Which lines of the entries below include "Certified"? List them all.

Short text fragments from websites
<<<<

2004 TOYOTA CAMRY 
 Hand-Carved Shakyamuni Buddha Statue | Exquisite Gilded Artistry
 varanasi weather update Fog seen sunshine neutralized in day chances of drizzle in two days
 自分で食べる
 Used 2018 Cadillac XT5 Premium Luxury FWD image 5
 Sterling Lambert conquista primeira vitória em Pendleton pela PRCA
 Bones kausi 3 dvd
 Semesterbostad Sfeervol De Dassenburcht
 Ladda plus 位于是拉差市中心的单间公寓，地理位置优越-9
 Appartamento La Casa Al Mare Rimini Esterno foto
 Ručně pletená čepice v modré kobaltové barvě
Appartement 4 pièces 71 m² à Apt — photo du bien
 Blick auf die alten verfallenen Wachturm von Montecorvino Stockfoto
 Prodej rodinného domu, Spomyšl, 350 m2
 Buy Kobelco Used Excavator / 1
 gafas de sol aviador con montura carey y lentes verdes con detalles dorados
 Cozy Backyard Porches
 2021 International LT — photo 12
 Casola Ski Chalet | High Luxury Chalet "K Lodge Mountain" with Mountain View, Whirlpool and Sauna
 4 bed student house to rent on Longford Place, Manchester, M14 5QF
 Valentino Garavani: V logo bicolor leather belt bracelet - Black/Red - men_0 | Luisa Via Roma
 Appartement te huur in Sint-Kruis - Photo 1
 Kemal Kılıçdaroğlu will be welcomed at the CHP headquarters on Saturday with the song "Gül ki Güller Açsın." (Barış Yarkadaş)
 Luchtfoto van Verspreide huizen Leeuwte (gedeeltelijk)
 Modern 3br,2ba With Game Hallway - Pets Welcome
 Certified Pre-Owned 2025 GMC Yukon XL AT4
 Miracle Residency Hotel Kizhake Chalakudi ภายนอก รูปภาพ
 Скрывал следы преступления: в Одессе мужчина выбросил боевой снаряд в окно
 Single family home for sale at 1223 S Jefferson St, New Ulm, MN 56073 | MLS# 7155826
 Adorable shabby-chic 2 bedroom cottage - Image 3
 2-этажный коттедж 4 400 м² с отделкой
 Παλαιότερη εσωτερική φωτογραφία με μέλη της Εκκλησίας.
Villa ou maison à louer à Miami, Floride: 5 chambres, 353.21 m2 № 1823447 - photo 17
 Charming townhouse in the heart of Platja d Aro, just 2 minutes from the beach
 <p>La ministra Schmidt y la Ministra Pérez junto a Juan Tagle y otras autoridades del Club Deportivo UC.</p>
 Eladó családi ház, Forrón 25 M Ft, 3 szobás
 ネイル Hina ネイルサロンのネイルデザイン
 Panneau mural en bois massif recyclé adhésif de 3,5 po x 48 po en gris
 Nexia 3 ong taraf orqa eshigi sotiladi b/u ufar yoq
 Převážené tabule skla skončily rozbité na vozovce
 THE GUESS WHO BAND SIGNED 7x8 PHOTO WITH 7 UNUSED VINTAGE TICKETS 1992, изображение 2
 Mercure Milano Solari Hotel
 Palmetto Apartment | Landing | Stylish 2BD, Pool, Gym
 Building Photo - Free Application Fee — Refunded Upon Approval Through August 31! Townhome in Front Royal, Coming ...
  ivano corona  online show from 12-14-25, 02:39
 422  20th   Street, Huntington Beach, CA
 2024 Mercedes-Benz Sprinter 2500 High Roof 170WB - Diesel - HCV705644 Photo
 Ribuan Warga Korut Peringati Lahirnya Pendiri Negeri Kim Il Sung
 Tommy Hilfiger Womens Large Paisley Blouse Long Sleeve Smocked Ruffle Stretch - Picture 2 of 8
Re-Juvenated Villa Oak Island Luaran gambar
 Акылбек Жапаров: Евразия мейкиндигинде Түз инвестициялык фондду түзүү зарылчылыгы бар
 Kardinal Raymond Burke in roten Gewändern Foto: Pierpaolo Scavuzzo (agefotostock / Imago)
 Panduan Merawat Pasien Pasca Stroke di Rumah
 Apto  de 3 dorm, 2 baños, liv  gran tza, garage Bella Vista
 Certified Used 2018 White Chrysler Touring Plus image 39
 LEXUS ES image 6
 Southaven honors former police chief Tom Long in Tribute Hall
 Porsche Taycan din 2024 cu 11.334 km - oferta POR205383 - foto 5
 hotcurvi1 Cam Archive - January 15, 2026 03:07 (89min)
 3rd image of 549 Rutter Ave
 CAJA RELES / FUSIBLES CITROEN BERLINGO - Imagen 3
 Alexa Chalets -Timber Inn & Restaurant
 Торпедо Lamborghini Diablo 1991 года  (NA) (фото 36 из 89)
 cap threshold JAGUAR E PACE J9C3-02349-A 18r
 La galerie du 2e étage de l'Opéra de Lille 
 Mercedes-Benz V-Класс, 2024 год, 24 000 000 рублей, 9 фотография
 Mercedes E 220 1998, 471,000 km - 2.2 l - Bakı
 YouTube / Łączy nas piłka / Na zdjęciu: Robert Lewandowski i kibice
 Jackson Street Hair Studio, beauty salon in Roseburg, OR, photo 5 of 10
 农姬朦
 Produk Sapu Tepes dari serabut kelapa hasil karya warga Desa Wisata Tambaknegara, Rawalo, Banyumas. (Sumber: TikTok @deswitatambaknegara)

>>>>

Answer to the exercise
 Certified Pre-Owned 2025 GMC Yukon XL AT4
 Certified Used 2018 White Chrysler Touring Plus image 39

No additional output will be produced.